Millennials are way more likely to support school choice than older generations. Millennials also skew to the left anyway. If school choice Democrats are having trouble making inroads with the Baby Boomers on education policy then they should pivot to the millennials, after all most of the Baby Boomer’s kids have already grown up. Generation-X’s kids are school now and Millennials are set to send their kids to schools in the next few years. They are the ones that this argument actually matters to.

  1.    Explain what school choice actually is

The school choice debate has been framed by its opponents for so long that a lot of regular people don’t really know what it is. Charter schools are public schools, yet people still often refer to them as private schools and unfortunately that framing has caught on. And that isn’t the only example of people not really knowing what school choice is. If you look at survey data you see that when questions are asked using words like “charter” or “voucher” support for school choice programs are lower. However, when the question includes a definition of what those words actually mean, support is much higher. School choice advocates need to close this gap and not let their opponents simply throw buzzwords around as they have become tainted in some circles.
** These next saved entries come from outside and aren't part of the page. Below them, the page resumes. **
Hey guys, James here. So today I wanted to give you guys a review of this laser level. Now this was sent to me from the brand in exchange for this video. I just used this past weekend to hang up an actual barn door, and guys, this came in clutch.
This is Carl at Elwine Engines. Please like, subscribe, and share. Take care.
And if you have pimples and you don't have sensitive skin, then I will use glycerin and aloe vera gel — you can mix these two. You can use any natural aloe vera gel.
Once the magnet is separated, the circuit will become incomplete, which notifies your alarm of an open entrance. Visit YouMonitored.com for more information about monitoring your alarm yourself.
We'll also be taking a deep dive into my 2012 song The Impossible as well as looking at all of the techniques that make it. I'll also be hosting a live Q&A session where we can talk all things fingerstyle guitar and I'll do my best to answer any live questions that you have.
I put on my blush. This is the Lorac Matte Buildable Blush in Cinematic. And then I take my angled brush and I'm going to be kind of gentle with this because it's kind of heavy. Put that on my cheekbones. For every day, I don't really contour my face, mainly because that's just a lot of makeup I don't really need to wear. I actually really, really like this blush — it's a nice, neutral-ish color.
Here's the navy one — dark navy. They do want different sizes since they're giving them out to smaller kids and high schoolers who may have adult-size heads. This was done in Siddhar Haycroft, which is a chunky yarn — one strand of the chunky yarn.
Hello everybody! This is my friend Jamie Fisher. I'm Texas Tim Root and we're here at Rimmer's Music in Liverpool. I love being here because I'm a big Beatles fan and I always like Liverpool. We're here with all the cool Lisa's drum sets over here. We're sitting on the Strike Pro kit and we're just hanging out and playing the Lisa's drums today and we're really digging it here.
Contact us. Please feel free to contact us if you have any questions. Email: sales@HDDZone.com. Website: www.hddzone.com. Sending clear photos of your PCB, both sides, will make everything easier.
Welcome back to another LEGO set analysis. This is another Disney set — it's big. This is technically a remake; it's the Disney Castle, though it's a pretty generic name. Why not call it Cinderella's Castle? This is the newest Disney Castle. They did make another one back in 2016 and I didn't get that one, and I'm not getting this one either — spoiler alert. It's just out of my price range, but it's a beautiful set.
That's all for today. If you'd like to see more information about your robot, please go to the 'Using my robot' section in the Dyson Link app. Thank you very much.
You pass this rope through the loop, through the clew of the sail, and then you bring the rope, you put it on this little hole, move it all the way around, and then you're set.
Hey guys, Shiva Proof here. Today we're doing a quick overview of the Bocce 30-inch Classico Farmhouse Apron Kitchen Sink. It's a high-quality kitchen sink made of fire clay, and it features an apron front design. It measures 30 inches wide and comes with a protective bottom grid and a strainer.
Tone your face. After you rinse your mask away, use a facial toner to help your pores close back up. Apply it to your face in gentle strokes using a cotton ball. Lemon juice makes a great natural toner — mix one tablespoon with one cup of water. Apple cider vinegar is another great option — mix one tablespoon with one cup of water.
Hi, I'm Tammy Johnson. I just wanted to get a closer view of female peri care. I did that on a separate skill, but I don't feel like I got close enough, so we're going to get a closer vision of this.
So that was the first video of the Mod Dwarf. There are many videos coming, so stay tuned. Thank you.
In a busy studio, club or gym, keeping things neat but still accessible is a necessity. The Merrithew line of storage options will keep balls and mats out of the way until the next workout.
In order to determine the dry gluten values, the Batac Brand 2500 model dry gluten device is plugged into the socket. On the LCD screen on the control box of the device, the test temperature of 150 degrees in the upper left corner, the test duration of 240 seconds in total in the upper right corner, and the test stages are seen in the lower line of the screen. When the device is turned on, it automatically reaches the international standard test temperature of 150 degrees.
  1.    Put traditional public schools on defense too

There is a reason people wanted alternatives to traditional public schools and it wasn’t because they were amazing. Some of them probably were but a large number of them were not. School choice advocates can’t sit back and play defense for charter schools without calling attention to the horrible record that public schools have, especially when it comes to black and brown students.

  1.    Lift up the voices of school-choice students and alumni  

School choice is not some evil plot for rich parents to get over on the little people like it is often framed. The best way to do that is to put a face to the students that take advantage of the options. Highlight students and alumni who are succeeding because they were able to attend a better school than they would have been able to otherwise.

School choice checks all of the boxes in terms of things liberals typically like in their political policy. There is no reason that progressives should be against children going to the school they want to. Indeed, once upon a time, such a belief made you a liberal. School choice advocates on the left need to remind their peers of their roots.